The town was at the center of the American labor movement in the early 20th century. At the peak of the coal industry in the 1920’s, about 500,000 minerswere union members. As the coal industry declined, so did union membership, and now the town’s local miners’ union, United Mine Workers of America (UMWA) Local 1440, consists entirely of retired miners.

Carl Shoupe, a retired coalminer in Harlan county, Kentucky, who worked as a union organizer for 14 years, said people in Appalachia need to start moving away from relying solely on the coal industry as an economic resource for the region.

“What we’ve been doing is trying to transition into the 21st century and get on past coal,” he said.

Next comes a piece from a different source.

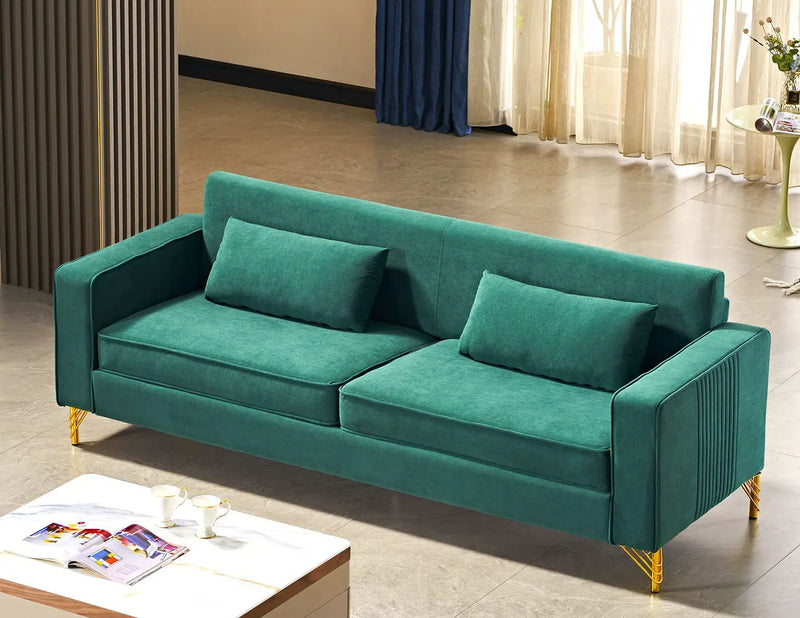 Aesthetic 3 Seater Couch With Classic Modern Appeal And Luxurious Soft Comfort by HouseOfZazla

Those transition efforts are still being impeded by the coal industry, as Shoupe says the majority of property in the area is still owned by coal companies and they have denied his efforts to develop solar panel fields.

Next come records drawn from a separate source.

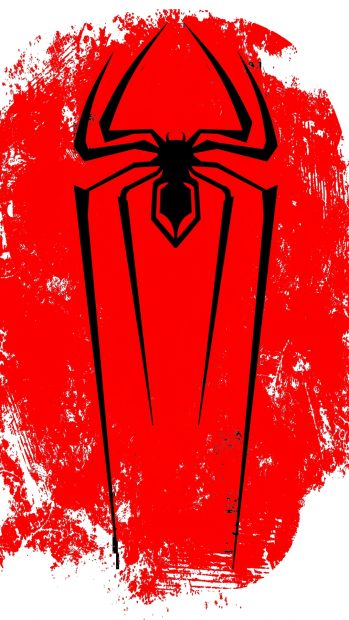 Art Logo Spiderman Background for Iphone.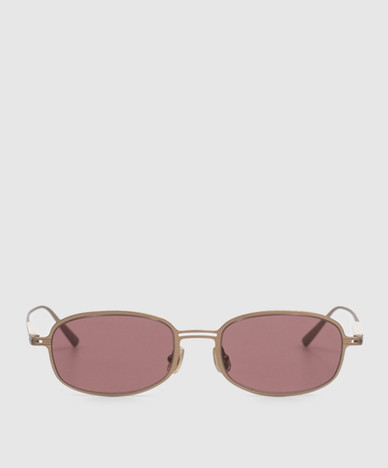 Gold titanium sunglasses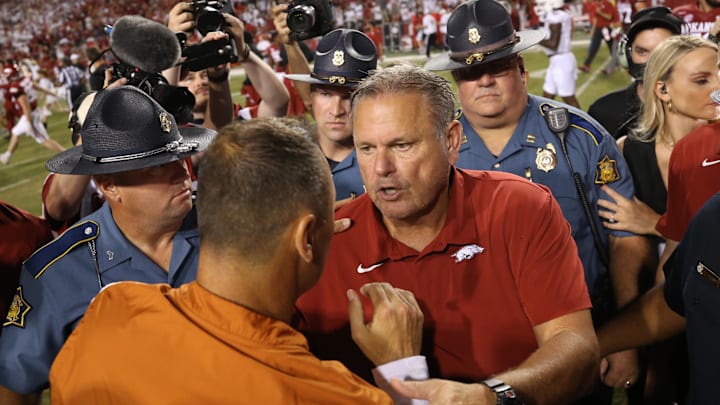 Steve Sarkisian, Sam Pittman, Texas football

The Green New Deal, a resolution proposed by Ocasio-Cortez, calls on the federal government to transform the United States’ energy infrastructure and economy to deal with the climate crisis. The resolution includes a call to create millions of high-wage union jobs through a federal jobs guarantee and a just transition for vulnerable communities.

Republicans – and Fox News – have slammed the proposal. “It’ll kill millions of jobs. It’ll crush the dreams of the poorest Americans and disproportionately harm minority communities,” the US president said last month.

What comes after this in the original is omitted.